Thank you to Google and the Magenta team for making such an excellent neural network synthesizer! This version of GANSynth has been altered to accept stereo files and a single dataset folder as an input pipeline. Self-attention has been implemented whenever the generator or discriminator makes a spectrogram with an area of 8192 pixels. This is consistent with the original “Self-Attention Generative Adversarial Networks” paper (Zhang et al., 2018.)
You can use any sample rate as long as all your files are the same length and you don’t exceed 67072 total samples, which is the ceiling for the 128 X 1024 spectrogram implemented in the architecture. 1.5 second samples at 44100 kHz is a good choice—16-bit audio only. Also, be sure to end all your input files with exactly “.wav”, and don't use any unusual characters or spaces in the file names.
The algorithm has been tested on Colaboratory/Mac, so you may have to do a bit of file-system tweaking for other configurations. And it only works on TensorFlow version 1.15 and below.
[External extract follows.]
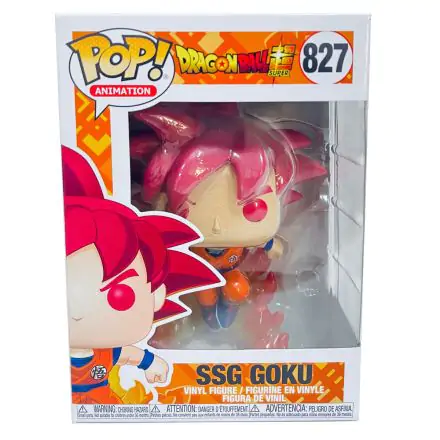 POP figure Dragon Ball Super - Super Saiyan God Goku Exclusive product photo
This is the training script:
%tensorflow_version 1.15
import tensorflow.compat.v1 as tf
tf.disable_v2_behavior()
!pip install bezier
!python gansynth_train.py --hparams='{"train_data_path":"path", "train_root_dir":"path", "channel_mode":"stereo", "audio_length":1.5, "sample_rate":44100}'
Note the “!pip install bezier” line. That’s needed for the attack and release envelope curves. The bottommost line is the most important, particularly the “—hparams” section. This is where you tell the algorithm how to train. “train_data_path” is the location of your input audio, and “train_root_dir” is where you want your training files to land. “channel_mode” lets you choose either a mono or a stereo model. The program will convert input files to whatever mode you choose here. “audio_length” is the length of your dataset files, in seconds. “sample_rate” is the audio sample rate you are using.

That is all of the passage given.